L’opposizione timida e reticente della sinistra Ds al governo non è che un pallidissimo riflesso della delusione, della rabbia e della frustrazione che si sono accumulate nei posti di lavoro, fra i giovani, i disoccupati, che nel 1996 speravano che votando l’Ulivo le loro condizioni potessero migliorare in modo significativo.
Lasciato a se stesso, lo sbocco più ovvio della crisi del centrosinistra sarebbe una nuova vittoria delle destre e un governo Berlusconi. La destra è in ripresa nelle elezioni, i risultati elettorali in Germania e in Austria sono un avvertimento di quanto può accadere in primavera alle elezioni regionali.
Ma non è ancora detta l’ultima parola: gli attuali rapporti di forza potrebbero essere rovesciati nel giro di 24 ore se si sviluppasse un nuovo movimento di massa che riprendesse il filo interrotto delle lotte dell’autunno 1994 contro Berlusconi.
La cappa soffocante della concertazione e della collaborazione di classe mostra ormai delle crepe profonde.

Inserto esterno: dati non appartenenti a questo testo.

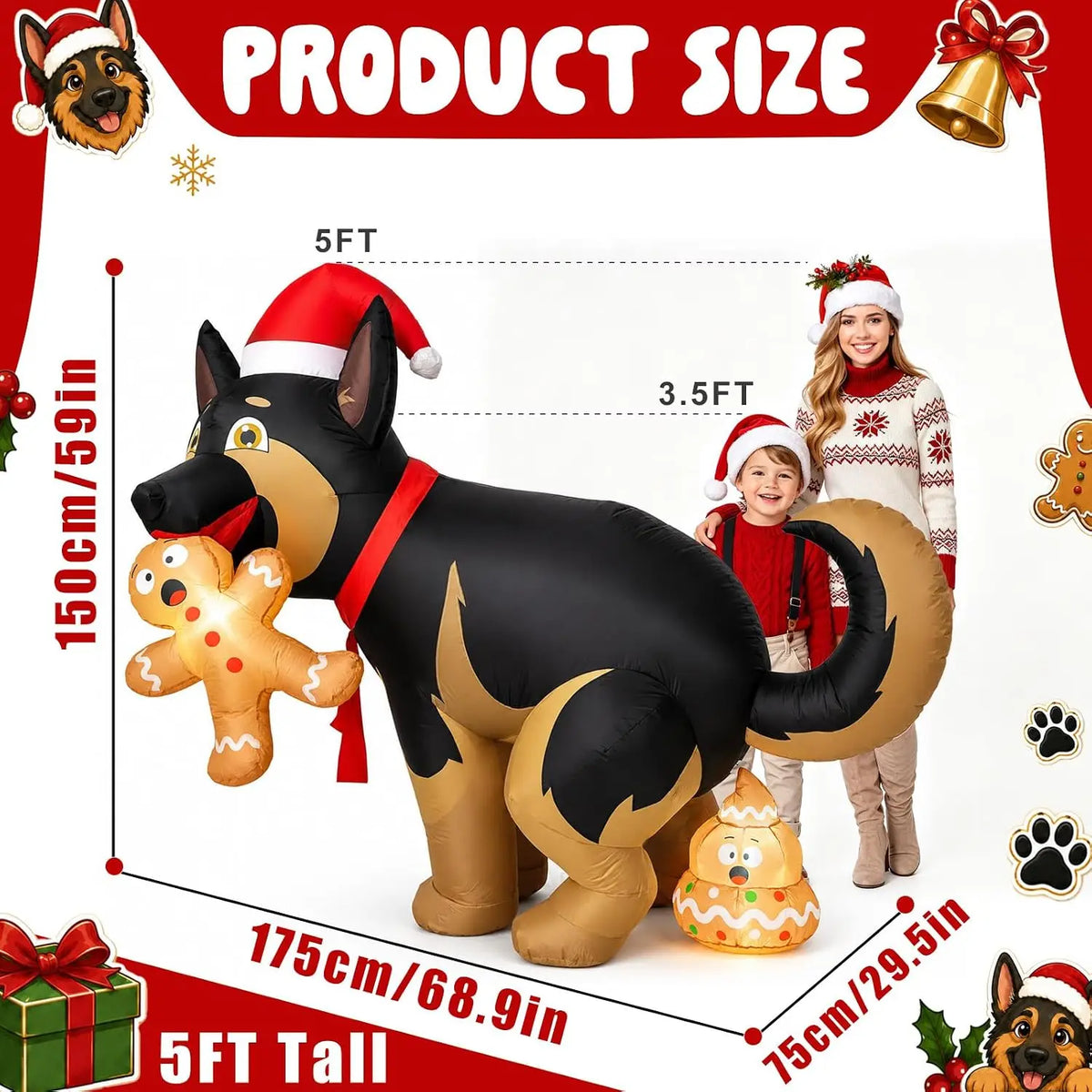5FT Funny Christmas Inflatable Outdoor Decor, Pooping Dog Blow Up Holding Gingerbread Man with LED Lights, Holiday.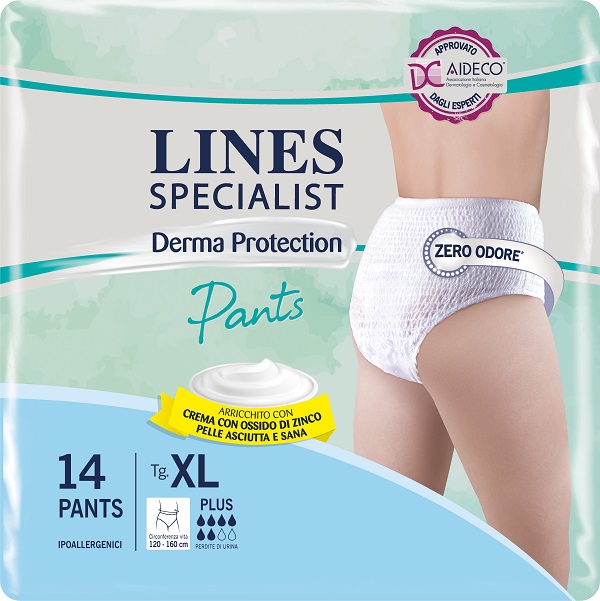 PANNOLONE PER INCONTINENZA LINES SPECIALIST DERMA PANTS PLUS XL 14 PEZZI - Farmacia Nuova Dr.ssa Gabriella Catellani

I militanti comunisti hanno per primi il compito di inserirsi in queste contraddizioni, di saper dare voce, programma, proposte per organizzare le lotte a tutti coloro che cercano un modo per impedire che dalla crisi del governo emerga una nuova vittoria della destra, abbia questa il volto di Berlusconi, della Bonino, o di qualcun altro.
Questo avrebbe dovuto essere il ruolo di Rifondazione in questi tre anni. La collaborazione col governo Prodi ci ha impedito questo, lasciandoci con la pesante eredità della scissione e con un partito indebolito e scarsamente credibile agli occhi delle masse. Oggi per il Prc è questione di vita o di morte trarre tutte le lezioni di quella esperienza amara, e degli avvenimenti dell’ultimo anno. L’opposizione che facciamo in parlamento deve tradursi in un programma realmente alternativo a quello del centrosinistra, in un rifiuto delle alleanze elettorali (anche nelle Regioni) con le forze borghesi del centrosinistra, in un’offensiva a tutto campo sul terreno sindacale, abbandonando la diplomazia con i gruppi dirigenti della Cgil inclusi quelli cosiddetti "alternativi", andando direttamente nei posti di lavoro per porre a tutti i livelli la nostra alternativa, e infine in un’iniziativa decisa sul terreno studentesco, dove l’offensiva del governo continua senza soste.
L’alternativa a questo è di essere trascinati nella stessa crisi del centrosinistra e dei Ds, un pericolo che le scorse elezioni europee hanno dimostrato essere molto vicino. Molte occasioni sono state perse, ma non è ancora troppo tardi.